*** Begin section ***

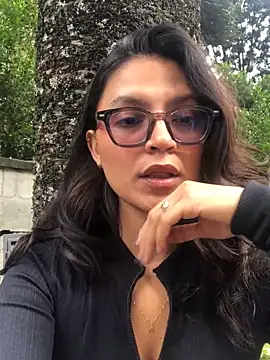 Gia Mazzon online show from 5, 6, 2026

*** End section ***
*** Begin section ***

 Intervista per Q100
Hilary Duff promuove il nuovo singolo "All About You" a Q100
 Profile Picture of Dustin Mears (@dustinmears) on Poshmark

*** End section ***
*** Begin section ***

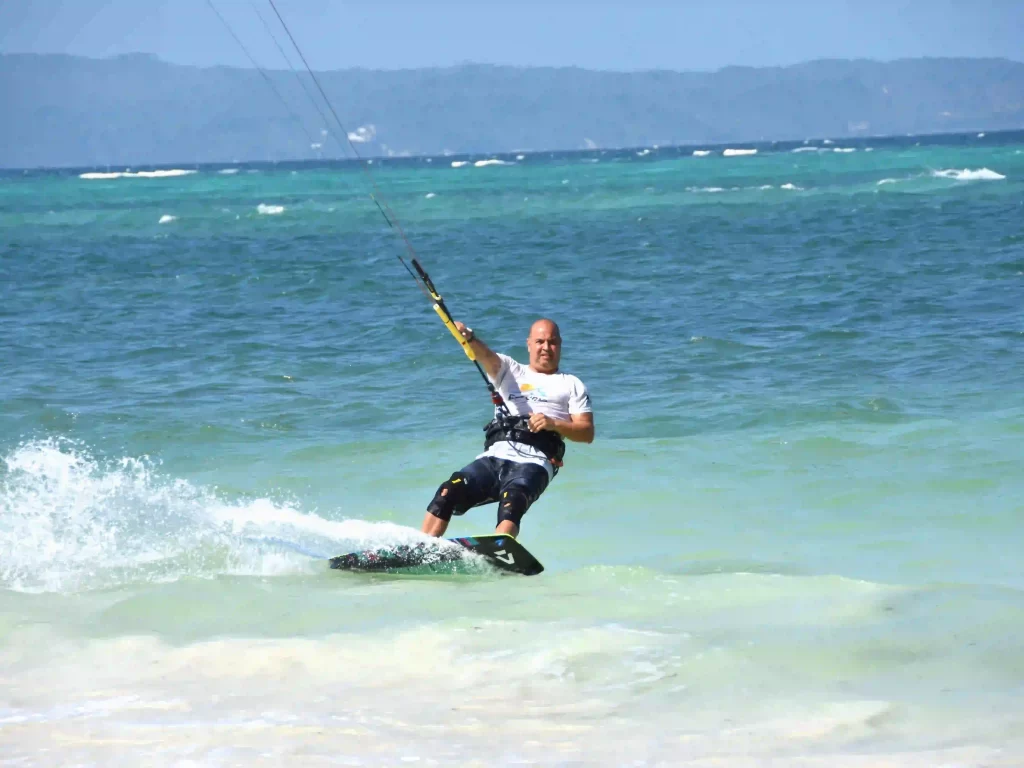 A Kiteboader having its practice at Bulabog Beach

*** End section ***

Task details
From the data above, output exactly the lines between the one containing "Intervista per Q100" and the one containing "Profile Picture of", counting both of them.

Answer box
 Intervista per Q100
Hilary Duff promuove il nuovo singolo "All About You" a Q100
 Profile Picture of Dustin Mears (@dustinmears) on Poshmark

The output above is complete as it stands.